Osram advises investors to accept $4.8 billion offer from AMS

FAN Editor
FILE PHOTO: German lighting manufacturer Osram
FILE PHOTO: The logo of German lighting manufacturer Osram is seen behind light bulbs that are on display at the company headquarters in Munich, Germany, August 27, 2019. REUTERS/Andreas Gebert/File Photo

September 16, 2019

VIENNA (Reuters) – German lighting group Osram <OSRn.DE> advised its shareholders on Monday to accept a 4.3 billion euro ($4.8 billion) takeover bid from AMS <AMS.S> <AMS.VI> and sell their shares to the Austrian sensor specialist, saying the offer was economically attractive.

AMS launched its 38.50 euro per share offer for the company earlier this month, beating a rival offer from private equity investors Bain Capital and Carlyle Group <CG.O> by 10%.

“Osram’s executive board and the majority of its supervisory board recommend… that Osram shareholders accept the offer,” the German group said in a statement.

Osram had initially backed the finance investors’ offer, who had agreed to maintain Osram as an independent company with its current management and to support its strategic direction.

However, “the financial attractiveness of the (AMS) offer was to be weighted higher than points of criticism.”

AMS, best known for supplying Apple <AAPL.O> with sensors for its latest iPhones, wants to focus a combined business strongly on the auto industry and supply manufacturers with sensors and lighting solutions for self-driving cars.

AMS said on Monday that feedback from investors on a global roadshow had been positive.

“Based on extensive interaction with investors in Europe, the U.S. and Asia, AMS sees strong support for its strategic vision including Osram, which is reinforcing AMS’ conviction for the offer,” the Austrian group said. Capitalising on the positive momentum, it would lower the acceptance threshold of its offer to 62.5% from the previous 70%.
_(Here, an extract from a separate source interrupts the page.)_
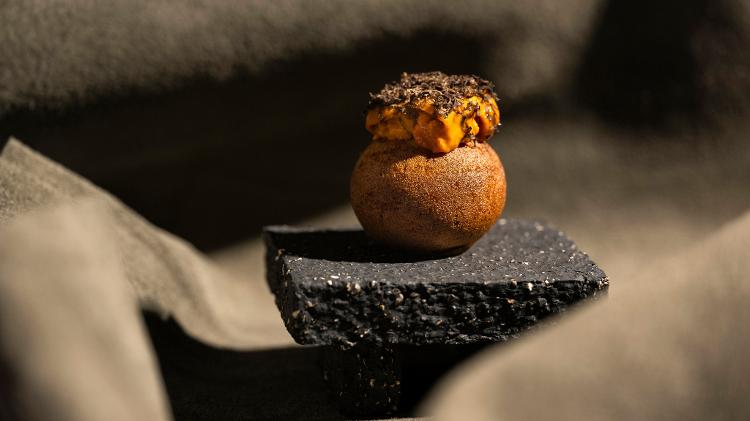 Uma das entradas do Frevo: espécie de macarron salgado com creme de abóbora, parmesão e trufas raladas Uma das entradas do Frevo: espécie de macarron salgado com creme de abóbora, parmesão e trufas raladas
The biggest Osram shareholders AMS aims to convince are Allianz Global Investors <ALVG.DE> with 9.4% of the stock, UBS <UBSG.S> with 6.2% and Barclays <BARC.L> with 5.5%, according to latest filings.

Osram’s supervisory board decision to recommend AMS’s offer was not unanimous. Employee representatives fear that AMS could break up the company. Osram’s management and supervisory board are worried about the long-term business prospects.

AMS has to take on billions of debt to finance the takeover, and Osram said paying off the funds could become difficult. AMS depended largely on a group of key customers, and that entailed the risk “that the financial situation of the combined group may become very strained” if key customers switched to other technological solutions or place less orders.

Osram also voiced doubts whether the Austrian sensor specialist, whose number of staff is about a third of that of the German group, will be able to stem such a complex takeover.

“There is a risk that AMS may not be able to successfully organise the integration and to realise at the same time the publicly announced synergies in the intended short period of time,” it said.